Outstanding jan-japp!
I had to make the following code changes to get it to run on the Tezro. I guess you are using the (older?) CBLAS routines as opposed to the SCSL C interface.
man INTRO_BLAS3 wrote:
NOTE: SCSL supports two different C interfaces to the BLAS:
* The C interface described in this man page and in individual BLAS man
pages follows the same conventions used for the C interface to the
SCSL signal processing library.
* SCSL also supports the C interface to the legacy BLAS set forth by
the BLAS Technical Forum. This interface supports row-major storage
of multidimensional arrays; see INTRO_CBLAS(3S) for details.
Here's the diff output:
Code:
Select all
~:diff test_double.c test_double.orig.c
5,6c5,6
< /* #include <cblas.h> */
< #include <scsl_blas.h>
---
> #include <cblas.h>
>
42c42
< dgemm("N", "N", n, n, n, alpha, &a[0], n, &b[0], n, beta, &c[0], n);
---
> dgemm(NoTranspose, NoTranspose, n, n, n, alpha, &a[0], n, &b[0], n, beta, &c[0], n);
and the compile line changes (for me) to:
cc -fullwarn -O3 -Ofast=IP35 -IPA -o test_double test_double.c -lscs -lftn
The
result
is
test_double
Using default value, n = 128
Elapsed time to multiply two matrices of order 128: 0.003320
Now, to be fair I re-ran the origin test_quad in "double" mode (replace long double -> double ) and got:
~:cc -fullwarn -O3 -Ofast=IP35 -IPA -o test_quad-double test_quad-double.c
~:test_quad-double Using default value, n = 128
size of double: 8
Elapsed time to multiply two matrices of order 128: 0.002489
which was
faster
(!) than the blas routine on my machine. Naive matrix mult not so bad for general matrix types?

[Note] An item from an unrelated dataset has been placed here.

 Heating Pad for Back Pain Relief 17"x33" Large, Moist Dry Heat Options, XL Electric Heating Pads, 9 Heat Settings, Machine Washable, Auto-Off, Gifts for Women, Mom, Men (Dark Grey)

Another test in "64 bit mode"
cc -64 -fullwarn -O3 -Ofast=IP35 -IPA -o test_double test_double.c -lscs -lftn
test_double
Using default value, n = 128
Elapsed time to multiply two matrices of order 128: 0.003326
no change from -n32. But switch in the multiprocessor version of SCSL lib and
cc -n32 -fullwarn -O3 -Ofast=IP35 -IPA -o test_double test_double.c -lscs_mp -lftn
test_double
Using default value, n = 128
Elapsed time to multiply two matrices of order 128: 0.045474
which is slower on the small matrix, so let's try the 1024x1024.
cc -n32 -fullwarn -O3 -Ofast=IP35 -IPA -o test_double test_double.c -lscs -lftn
Using default value, n = 1024
Elapsed time to multiply two matrices of order 1024: 1.320950
cc -n32 -fullwarn -O3 -Ofast=IP35 -IPA -o test_double test_double.c -lscs_mp -lftn
test_double
Using default value, n = 1024
Elapsed time to multiply two matrices of order 1024: 0.941582
as expected on larger problems the multiprocessing starts to pay off.
The message that keeps getting shoved into my face again and again with coding for performance (math or graphics) is "Know your hardware, know your problem." and find the
fast-path
for your situation. As an addendum I'd add that this implies high-performance cross-platform
code
seems to be a pipe dream.